Dikmen Gürün

Ümit Denizer’e geç kalmış bir veda...

18 Şubat 2025 Salı

Anadolu Çocuk Oyunları Kolu AÇOK’un kurucularından olan Ümit Denizer’i Şubat 2025’in ilk günlerinde kaybettik. 

1973 yılında Muhsin Ertuğrul ve Haldun Taner’in yönlendirmeleriyle Turgut Denizer, Ümit Denizer ve daha sonra İstanbul Devlet Tiyatrosu’nda çalışmaya başlayan Cemal Ünlü tarafından kurulur AÇOK. Halkevlerinde tiyatro yapan gençler tarafından da desteklenen topluluğun ilk oyunu Ümit Denizer’in Oscar Wilde’ın “Genç Kral” öyküsünden esinlenerek yazdığı ve Turgut Denizer’in yönettiği “Mutluluklar Ülkesi”dir. Çocuk oyunudur bu ama her yaştan seyircisi oluşuverir. Muhsin Ertuğrul da tabii ki seyirciler arasındadır. “Mor Gezegen”, “Ferhat ile Şirin”, Şehir Tiyatrosu için yaptıkları “Keloğlan”ı, kukla oyunu “Leke, Çizgi, Benek, Renk” izler... Bu arada, “Keloğlan”ın başarısı yurtdışına kadar uzanır. 1975 yılında Hamburg’da düzenlenen Çocuk Oyunları Festivali’ne davet edilir. “Keloğlan” ve Almanya’yı Fransa, İsviçre turneleri takip edecektir... Daha pek çok oyun AÇOK dağarcığında yerlerini alacaktır... 

Ve bu arada, nasıl unuturuz 1992 yılında İKSV 4. Uluslararası İstanbul Tiyatro Festivali’nde AÇOK’un “Perdeci”sini? Muhsin Ertuğrul’un 100’üncü doğum yıldönümü vesilesiyle onun hayat hikâyesini nasıl bir coşkuyla oyunlaştırdıklarını ve Ortaköy’den hareket ederek İstinye’ye kadar uzanan Boğaziçi vapuruyla yapılan bu yolculukta Turgut ve Ümit Denizer’in çalışmalarını? Sadece AÇOK oyuncuları değil, Tiyazro Oyuncuları, Sarıyer Halk Eğitim Merkezi Oyuncuları, Sarıyer Belediye Tiyatrosu Oyuncuları da çocuklar ve de yetişkinler için yapılan bu değerli çalışmada rol alırlar. 

ÇOCUK TİYATROSUNDA EĞİTİM

1979 yılında “Oyun” dergisinde kendisiyle yapılan bir söyleşide temel amaçlarının geleceğin seyircisini yetiştirmek olduğunu belirten Ümit Denizer, “çalışkan, insansever, devrimci bir seyirci oluşturmaya uğraşıyoruz” diyecektir.
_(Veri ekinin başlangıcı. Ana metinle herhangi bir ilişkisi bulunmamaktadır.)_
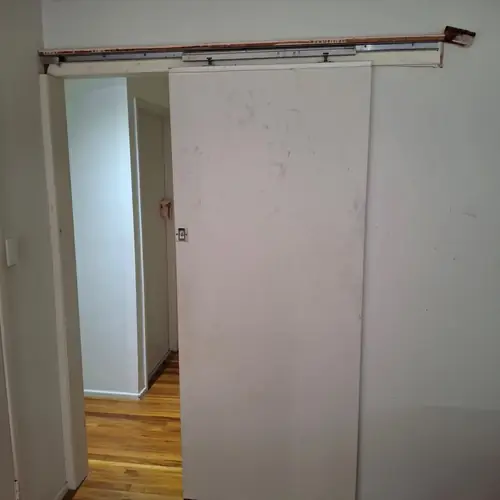 Replacement of the sliding door with a swing door. The handle has been installed to that height to match the other doors. The light switch has been moved on the other side. The old light switch hole has been patched.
Söylediklerini okudukça Denizer’in, bugünkü eğitim sistemimizi düşünüyorum. Yine geriye gidiyorum. Bellek tazeliyorum. 2010 yılında Tiyatro Eleştirmenler Birliği tarafından yayımlanan TEB Dergi’de çocuk tiyatrosunun eğitimdeki yeri üstüne dururken neler söylediğine bakıyorum sanatçının: “Tiyatroyla eğitim demek çocukların düşünmesini sağlamak demektir. Tiyatro çocuklara, evrende yalnız olmadıklarını söyler. Yaşama sevinci verir. Hayat kurdurur ve hayallerinin peşine düşmelerini öğütler. Bizim ‘terbiye’den anladığımız budur.” 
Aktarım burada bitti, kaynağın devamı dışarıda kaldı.